Aku sedang memotong-motong ikan yang isi perutnya sudah kubersihkan, ketika kucing itu datang. Kucing yang tak kukenal. Ia mengintip aktivitasku dengan wajah yang nampak penasaran.
Setelah ikan kubumbui dan kubiarkan sejenak, aku ingin melihat kucing itu lagi. Eh dia masih ada. Posisinya masih sama seperti tadi. Raut wajah yang polos dan nampak penasaran dengan gerak-gerikku.
Milik siapa ya kucing ini? Lewat mana kucing ini masuk?
Aku langsung merasa malu dengan diriku. Jendela di dapur masih terbuka lebar. Jadinya alasan paling masuk akal ya si kucing lewat jendela tersebut.
Kucing ini masih memandangku. Kemudian perhatiannya teralihkan dengan potongan ikan yang kumarinasi. Hidungnya nampak bergerak-gerak lucu. Ia mengendus-endus.
Omong-omong ternyata ia berjinjit dengan kaki belakangnya selama ini. Ia naik kursi, lalu menggunakan dua kaki belakangnya sebagai tumpuan untuk melihat sekelilingnya, alih-alih melompat dan duduk di meja.
Oh, ia kucing yang sopan.
Lima menit, sepuluh menit berlalu. Si kucing mulai pegal dan kemudian menurunkan kaki depannya. Ia bergaya ala roti tawar di kursi
Eh dia kucing siapa ya? Ia nampak begitu percaya diri masuk ke rumah yang pemiliknya tak dikenalnya.

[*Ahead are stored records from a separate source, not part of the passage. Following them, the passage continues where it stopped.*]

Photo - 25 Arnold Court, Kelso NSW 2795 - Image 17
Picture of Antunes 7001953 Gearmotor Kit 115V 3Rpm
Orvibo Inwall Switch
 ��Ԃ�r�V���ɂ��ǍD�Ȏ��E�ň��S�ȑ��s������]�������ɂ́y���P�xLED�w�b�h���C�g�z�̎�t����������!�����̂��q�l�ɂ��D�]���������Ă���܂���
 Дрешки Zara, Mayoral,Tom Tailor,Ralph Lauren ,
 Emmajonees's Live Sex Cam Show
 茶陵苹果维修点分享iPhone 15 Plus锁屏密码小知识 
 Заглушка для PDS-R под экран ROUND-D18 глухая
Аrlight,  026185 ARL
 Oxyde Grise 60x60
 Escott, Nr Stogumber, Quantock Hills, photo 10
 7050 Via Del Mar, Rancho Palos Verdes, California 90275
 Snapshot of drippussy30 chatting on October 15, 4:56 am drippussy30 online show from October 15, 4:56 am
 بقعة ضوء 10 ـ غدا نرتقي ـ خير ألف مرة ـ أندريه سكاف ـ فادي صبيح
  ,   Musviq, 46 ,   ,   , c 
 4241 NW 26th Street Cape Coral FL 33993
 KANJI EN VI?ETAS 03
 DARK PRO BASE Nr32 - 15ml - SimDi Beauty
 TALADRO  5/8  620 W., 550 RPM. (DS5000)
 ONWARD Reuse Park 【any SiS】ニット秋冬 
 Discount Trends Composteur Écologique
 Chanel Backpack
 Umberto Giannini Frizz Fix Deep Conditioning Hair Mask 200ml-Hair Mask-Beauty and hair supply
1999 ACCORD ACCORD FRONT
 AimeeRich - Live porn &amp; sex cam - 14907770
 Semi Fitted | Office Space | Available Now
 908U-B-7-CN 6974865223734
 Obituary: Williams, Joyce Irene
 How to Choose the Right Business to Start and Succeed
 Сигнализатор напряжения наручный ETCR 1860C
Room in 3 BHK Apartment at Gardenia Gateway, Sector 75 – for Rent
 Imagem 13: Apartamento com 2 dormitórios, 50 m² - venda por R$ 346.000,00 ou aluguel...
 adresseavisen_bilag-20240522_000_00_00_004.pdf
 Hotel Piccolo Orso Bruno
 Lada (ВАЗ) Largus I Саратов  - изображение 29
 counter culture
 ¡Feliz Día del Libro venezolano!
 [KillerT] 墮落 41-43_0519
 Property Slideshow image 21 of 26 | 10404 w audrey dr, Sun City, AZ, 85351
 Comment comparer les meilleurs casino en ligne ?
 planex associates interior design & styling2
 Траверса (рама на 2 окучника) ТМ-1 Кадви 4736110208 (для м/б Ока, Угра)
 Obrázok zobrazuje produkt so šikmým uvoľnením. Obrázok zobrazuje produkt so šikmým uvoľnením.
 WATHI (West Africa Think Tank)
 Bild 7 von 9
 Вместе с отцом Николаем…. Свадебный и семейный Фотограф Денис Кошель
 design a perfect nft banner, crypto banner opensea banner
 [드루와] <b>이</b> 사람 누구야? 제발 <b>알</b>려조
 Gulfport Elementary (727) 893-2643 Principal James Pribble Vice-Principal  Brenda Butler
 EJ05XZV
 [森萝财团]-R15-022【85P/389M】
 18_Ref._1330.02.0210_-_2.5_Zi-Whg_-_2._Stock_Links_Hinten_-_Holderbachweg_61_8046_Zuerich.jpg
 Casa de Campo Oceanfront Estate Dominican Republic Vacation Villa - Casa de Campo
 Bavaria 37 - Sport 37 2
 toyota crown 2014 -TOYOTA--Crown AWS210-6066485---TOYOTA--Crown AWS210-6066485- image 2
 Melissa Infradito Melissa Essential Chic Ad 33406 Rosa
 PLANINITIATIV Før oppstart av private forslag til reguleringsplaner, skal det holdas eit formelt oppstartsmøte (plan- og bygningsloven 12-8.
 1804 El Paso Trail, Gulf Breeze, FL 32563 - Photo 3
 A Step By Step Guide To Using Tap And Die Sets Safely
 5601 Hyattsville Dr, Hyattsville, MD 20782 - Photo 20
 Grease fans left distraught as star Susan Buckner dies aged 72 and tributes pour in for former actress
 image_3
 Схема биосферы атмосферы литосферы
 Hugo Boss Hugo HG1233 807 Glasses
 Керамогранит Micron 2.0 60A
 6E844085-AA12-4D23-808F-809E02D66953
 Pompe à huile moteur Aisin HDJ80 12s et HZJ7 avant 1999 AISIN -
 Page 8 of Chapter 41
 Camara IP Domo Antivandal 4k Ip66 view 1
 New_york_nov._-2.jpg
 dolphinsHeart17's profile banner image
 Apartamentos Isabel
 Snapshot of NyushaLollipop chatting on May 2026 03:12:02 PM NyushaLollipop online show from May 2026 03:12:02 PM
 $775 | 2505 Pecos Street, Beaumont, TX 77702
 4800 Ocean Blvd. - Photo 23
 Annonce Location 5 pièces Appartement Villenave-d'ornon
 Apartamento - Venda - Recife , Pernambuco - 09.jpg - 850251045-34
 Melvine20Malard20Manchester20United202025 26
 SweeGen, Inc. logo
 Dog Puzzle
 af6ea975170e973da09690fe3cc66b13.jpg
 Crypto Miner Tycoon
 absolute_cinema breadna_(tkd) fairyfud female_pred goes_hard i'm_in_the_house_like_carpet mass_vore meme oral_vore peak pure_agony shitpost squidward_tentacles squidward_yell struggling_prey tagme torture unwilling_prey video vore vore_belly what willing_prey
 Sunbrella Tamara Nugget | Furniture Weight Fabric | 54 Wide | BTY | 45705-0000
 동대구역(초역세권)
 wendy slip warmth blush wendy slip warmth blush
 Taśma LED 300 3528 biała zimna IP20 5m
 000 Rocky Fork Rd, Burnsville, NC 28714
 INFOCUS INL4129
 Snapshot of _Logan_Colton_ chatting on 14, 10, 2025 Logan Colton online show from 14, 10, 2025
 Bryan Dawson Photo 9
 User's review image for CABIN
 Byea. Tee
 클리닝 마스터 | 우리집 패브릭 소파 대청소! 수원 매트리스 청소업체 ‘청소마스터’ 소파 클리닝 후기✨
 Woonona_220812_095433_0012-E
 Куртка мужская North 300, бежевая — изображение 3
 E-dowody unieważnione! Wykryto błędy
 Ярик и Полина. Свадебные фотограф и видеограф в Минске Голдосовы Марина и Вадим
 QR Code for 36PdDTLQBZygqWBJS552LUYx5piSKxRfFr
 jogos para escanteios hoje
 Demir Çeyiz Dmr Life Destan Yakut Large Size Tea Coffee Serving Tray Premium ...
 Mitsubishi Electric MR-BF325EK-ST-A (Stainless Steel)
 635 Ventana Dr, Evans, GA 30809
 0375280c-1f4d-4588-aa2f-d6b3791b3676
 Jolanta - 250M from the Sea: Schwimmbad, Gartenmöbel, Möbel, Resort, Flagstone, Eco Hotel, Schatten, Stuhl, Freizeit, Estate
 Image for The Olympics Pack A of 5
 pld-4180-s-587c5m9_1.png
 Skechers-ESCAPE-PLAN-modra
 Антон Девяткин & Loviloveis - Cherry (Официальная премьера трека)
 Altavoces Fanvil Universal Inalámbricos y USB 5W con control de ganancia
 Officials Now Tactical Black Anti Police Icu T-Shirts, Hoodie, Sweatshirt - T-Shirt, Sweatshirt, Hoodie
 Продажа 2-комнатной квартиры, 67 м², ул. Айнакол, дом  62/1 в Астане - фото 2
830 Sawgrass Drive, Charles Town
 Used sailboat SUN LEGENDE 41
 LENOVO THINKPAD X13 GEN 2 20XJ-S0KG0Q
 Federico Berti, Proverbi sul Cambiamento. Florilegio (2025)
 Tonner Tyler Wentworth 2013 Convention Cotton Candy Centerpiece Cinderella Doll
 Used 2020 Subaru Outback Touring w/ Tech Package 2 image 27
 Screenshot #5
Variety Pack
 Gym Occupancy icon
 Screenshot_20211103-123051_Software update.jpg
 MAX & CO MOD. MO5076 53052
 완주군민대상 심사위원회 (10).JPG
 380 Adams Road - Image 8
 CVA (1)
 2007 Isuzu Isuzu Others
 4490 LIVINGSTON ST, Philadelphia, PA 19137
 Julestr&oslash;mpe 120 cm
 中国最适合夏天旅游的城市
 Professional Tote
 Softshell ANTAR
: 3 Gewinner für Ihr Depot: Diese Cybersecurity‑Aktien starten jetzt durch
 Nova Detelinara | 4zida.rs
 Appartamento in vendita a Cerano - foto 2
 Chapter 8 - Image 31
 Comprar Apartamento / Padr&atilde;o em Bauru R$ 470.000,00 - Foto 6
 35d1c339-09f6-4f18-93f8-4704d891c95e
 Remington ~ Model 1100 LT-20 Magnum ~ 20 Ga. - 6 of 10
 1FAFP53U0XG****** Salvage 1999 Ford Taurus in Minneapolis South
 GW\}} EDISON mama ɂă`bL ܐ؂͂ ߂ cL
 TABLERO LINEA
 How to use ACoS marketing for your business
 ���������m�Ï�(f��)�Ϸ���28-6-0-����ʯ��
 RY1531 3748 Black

Mulailah aku menggoreng ikan dengan minyak sedikit. Aku suka sekali menyantap ikan ekor kuning yang digoreng agak kering. Sebentar lagi nasi matang. Sambil menunggu kedua sisi ikan matang, aku menyiapkan lalapan mentimun dan selada plus sambal tomat. Ooh makan siangku akan luar biasa.